- Country of Origin – Costa Rica
- Regions – Cartaga Province, Tres Rios, Costa Rica
- Best Known Growers – La Isabella Estate
- Altitude – 1,200 to 1,650 meters
- Harvest – October to March
- Milling Process – washed, naturally fermented, sun-dried
- Aroma – intense, bright and fresh
- Flavor – sweet, bright and clean with hints of citrusy lime
- Body – medium body, mild
- Acidity – lively and bright but not overpowering, medium-high
About the Costa Rican Coffee Bean
Costa Rica coffee beans are of the Arabica variety and are grown all over the country. The largest and most well-known coffee growing regions are Tarrazu and Monte Crisol, but there are many smaller regions dotted around this highly fertile, mountainous country. Our recommended Costa Rican coffee is from a particular estate in the Tres Rios coffee growing region.

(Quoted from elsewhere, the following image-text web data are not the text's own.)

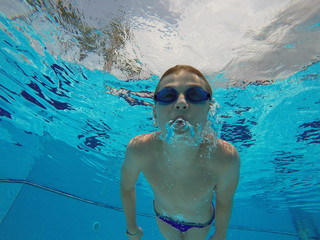 boy diving into a swimming pool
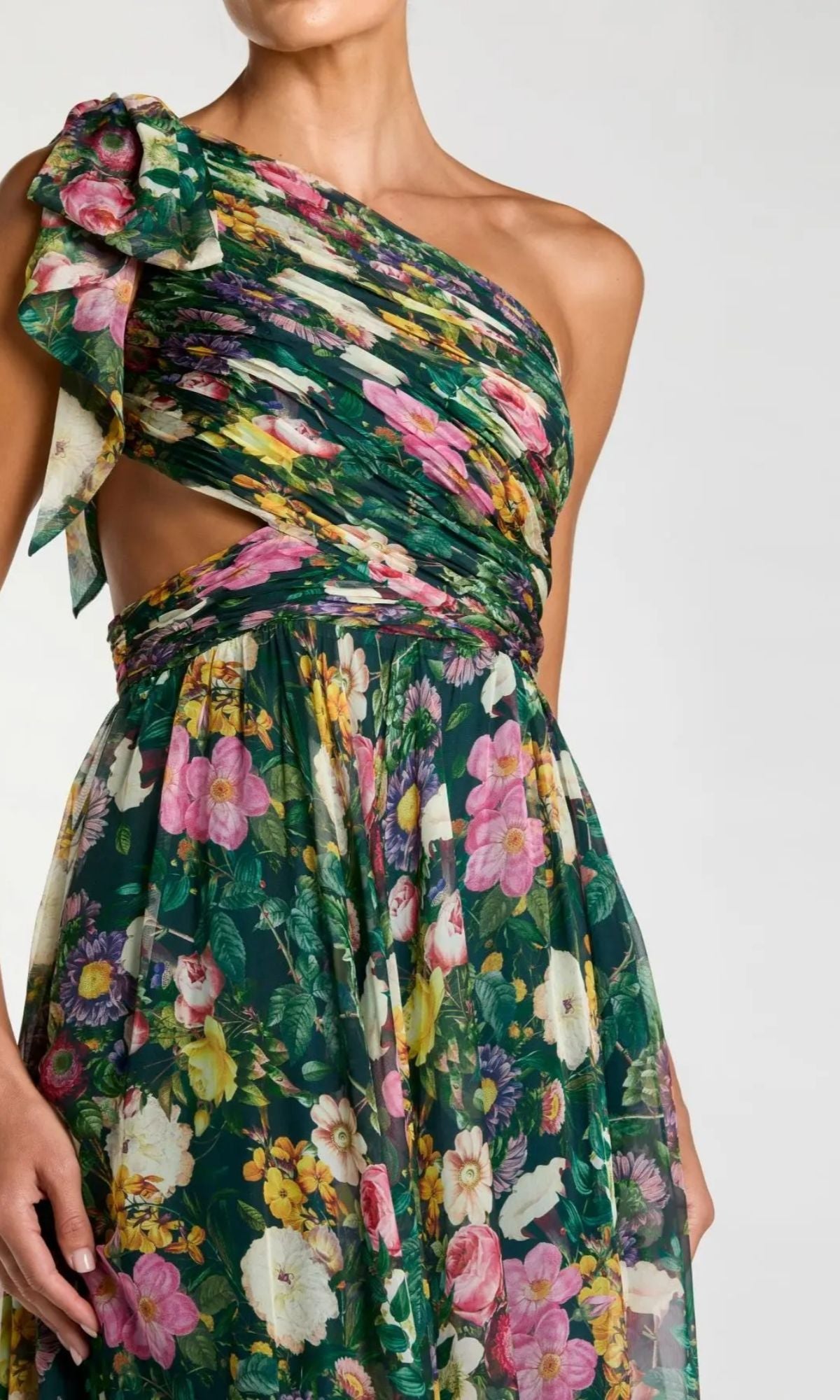 Wearing the Long Formal Dress: Mac Duggal 68553, a green one-shoulder evening gown with a floral print, side cutout, and a gathered fabric bow accenting the shoulder.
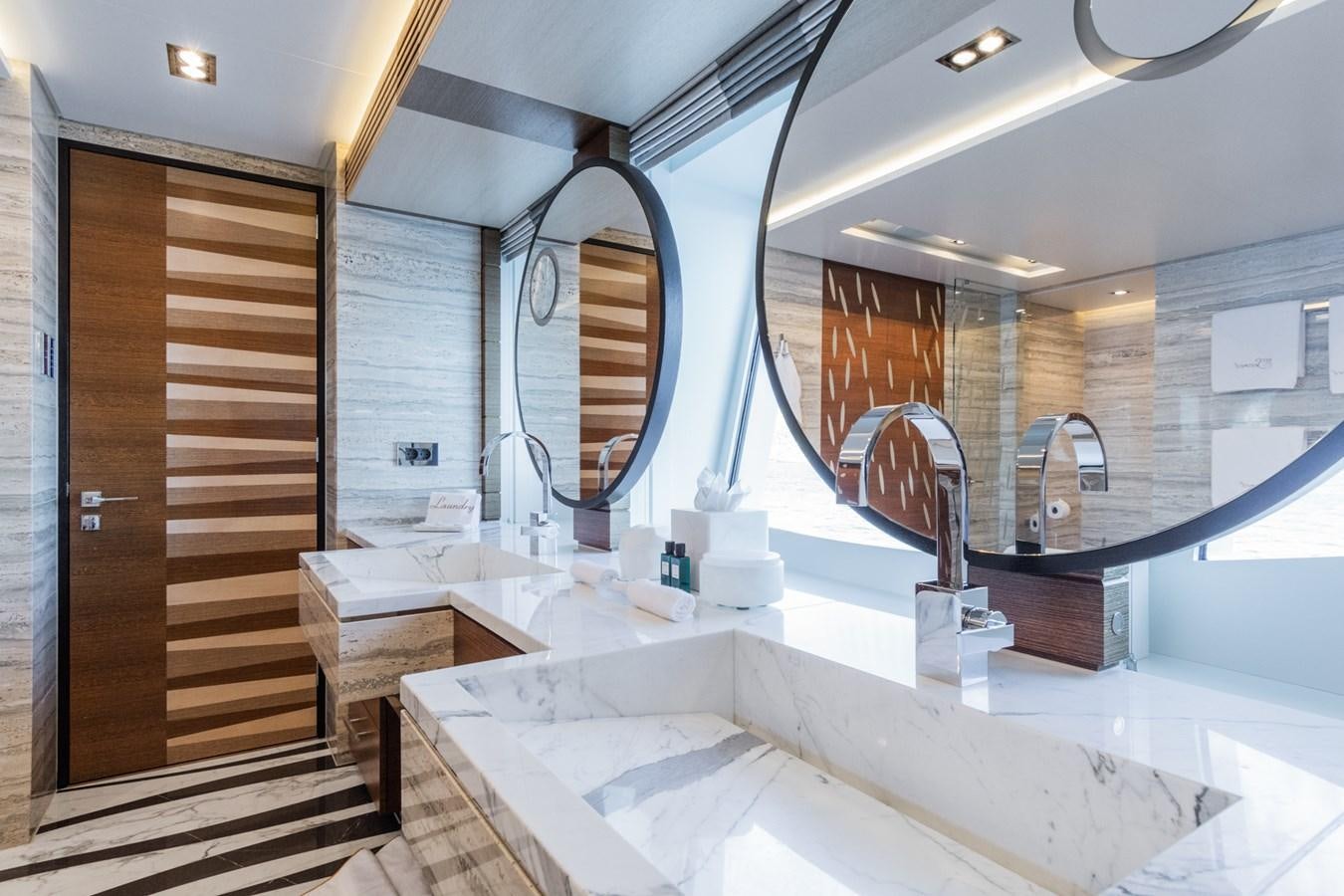 a bathroom with a large mirror aboard MY SECRET Yacht for Sale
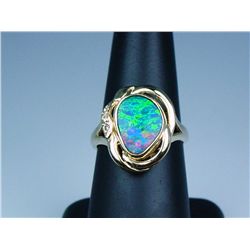 Fabulous 14 karat yellow gold ladies ring  bezel set with an Australian opal of fine  colors of blue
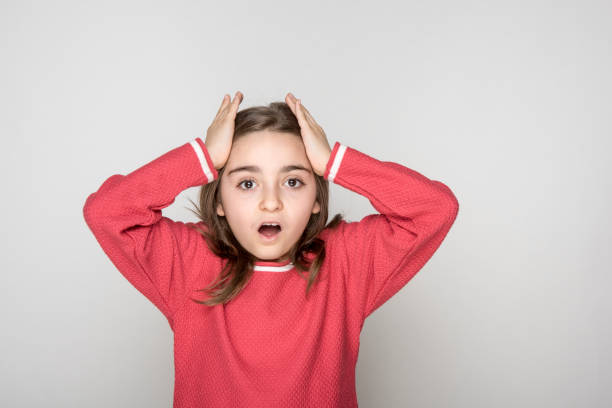 istock Excited girl holding hands on head, looking at camera 1183453236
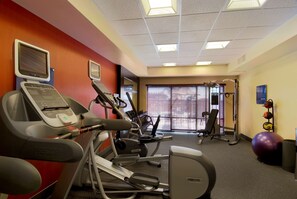 Un gimnasio con cintas de correr, bicicletas estáticas y pelotas de ejercicio.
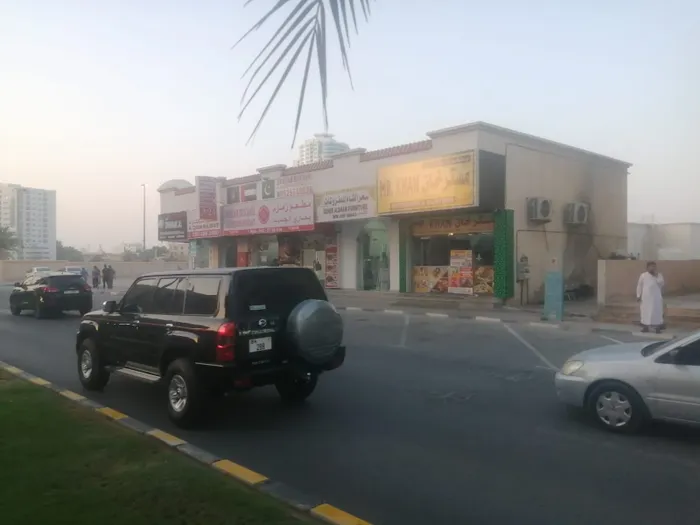 بناية محلات تجارية للبيع عجمان الراشدية 1 على شارع الشيخ راشد بن عبدالعزيز امام ابراج الفالكون زاوية على شارعين مساحة الارض 18222 الف قدم مربع  عدد المحلات 21 محل مواقف موقع مميز تملك حر جنب كل الخدمات السعر11 مليون : Image 1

Arabica plants were first introduced by the Spanish in the late 18th century, and although coffee is not a native plant of Costa Rica, it fast became there largest and only export for several decades. Coffee remains an integral part of Costa Rica’s economy.
Coffee was first introduced to Tres Rios in the 1820s, following its success in the Central Valley of Costa Rica. What really makes the coffee from this region stand out is its bright and sweet flavor with a citrus edge. If you’re a fan of the citrus notes in Tanzania beans, you should try Costa Rican peaberry coffee for its lime-like citrus flavors.
Medium roasts are best for this coffee bean to maintain that bright acidity without knocking out the sweet and fruity notes. Many Costa Rican coffee growers send their green beans straight off the USA for the milling process or send them to native processing plants before they’re shipped and roasted in the USA.